The B.C. government says in new court documents that a recent Supreme Court of Canada ruling has bolstered its fight to avoid restoring 2001 contract language to teachers' collective agreement.

In a court case brought by B.C. Teachers' Federation, the B.C. Court of Appeal asked lawyers for the government and the teachers' union to file new submissions in light of the ruling earlier this month on collective bargaining rights for Mounties.

In documents filed on Monday, the province argued the Supreme Court's decision strengthens its position on terms deleted from its collective agreement with teachers.

In 2002, the province passed legislation that removed hundreds of provisions from the contract, including the right to bargain for class size and composition.

The government argues the Supreme Court affirmed its position, which is that the teachers are guaranteed the right to bargain on these issues, as the court requires, but have no constitutional guarantee of a specific outcome.

"The BCTF is not entitled, as a matter of constitutional principle, to forever preserve an outcome of bargaining," the government states in its brief.

On Jan. 16, the Supreme Court of Canada issued two RCMP-related rulings: Mounted Police Association of Ontario v.
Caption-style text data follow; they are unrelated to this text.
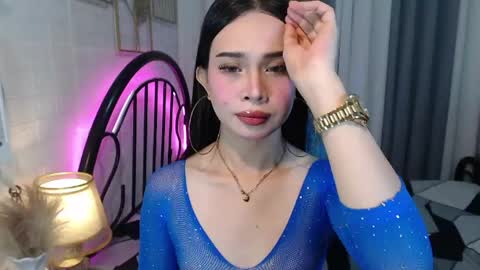 Snapshot of hoelymolly chatting on 05/21/26, 06:37 hoelymolly online show from 05/21/26, 06:37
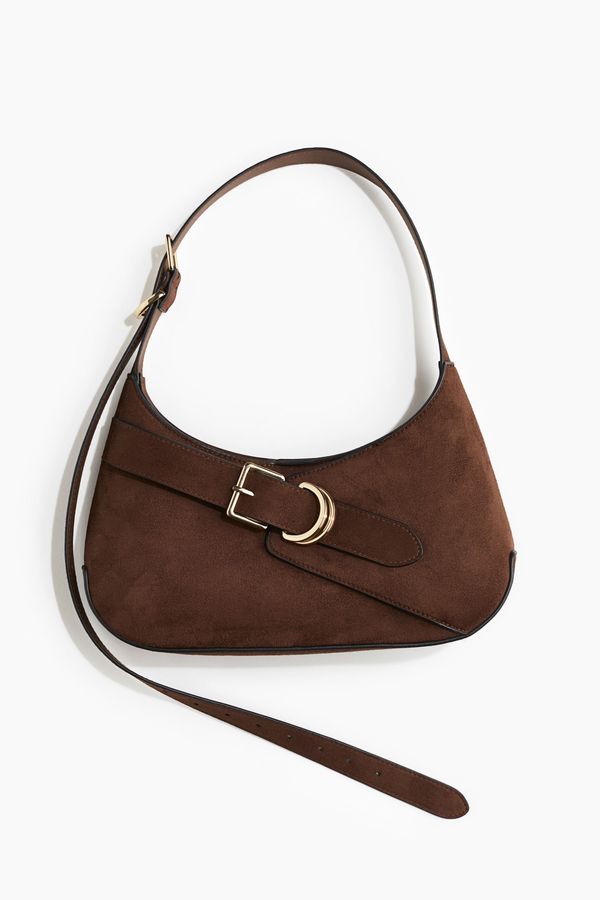 Cartera de hombro con traba decorativa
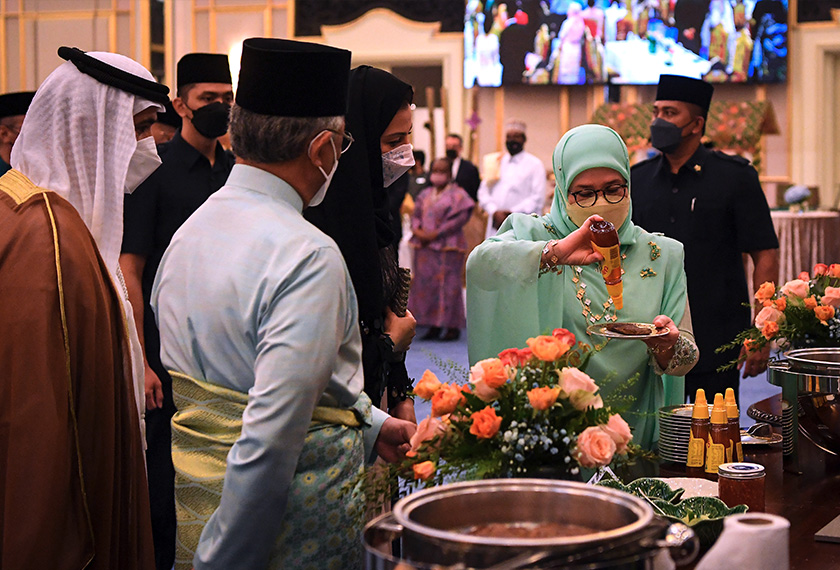 Al-Sultan Abdullah dan Tunku Azizah berkenan menyantuni perwakilan asing yang hadir pada Majlis Rumah Terbuka Raya Aidilfitri di Istana Negara hari ini. - Gambar BERNAMA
Canada (MPAO), which gave Mounties the right to unionize, and Meredith v. Canada (Meredith), which ruled in favour of the government on legislation that unilaterally rolled back Mounties' wage hikes.

In MPAO, the court ruled 6-1 that the RCMP's internal program for negotiating workplace issues is constitutionally inadequate, and federal public-sector legislation precluding Mounties from applying for statutory bargaining rights violates the right to freedom of association.

Legal observers and the teachers' union said the ruling guarantees a meaningful process of collective bargaining.

But the government's new documents say MPAO "is of no relevance" in the current case, as the BCTF "does not argue that the statutory bargaining model for teachers is deficient."

Further, the province said the Meredith decision means the government "must provide a meaningful opportunity for impacted employees to make representations before collective agreement terms are legislatively removed, but it is not required to secure agreement at the bargaining table as a condition of constitutional compliance."

Fiona McQuarrie, an associate professor at the University of the Fraser Valley's School of Business, said it appears the government is saying "that whether the amount or type of consultation was appropriate depends on the context and the issues in that particular set of collective bargaining relationships."

A B.C. Supreme Court judge in 2011 deemed the removal of the language on class size and composition unconstitutional and gave the province a year to amend it. A year later, the court called the new legislation "virtually identical" and slammed the government for bargaining in bad faith.

The BCTF, which has until Feb. 2 to file its further submissions, has said Bill 22 extended unconstitutional provisions into the future.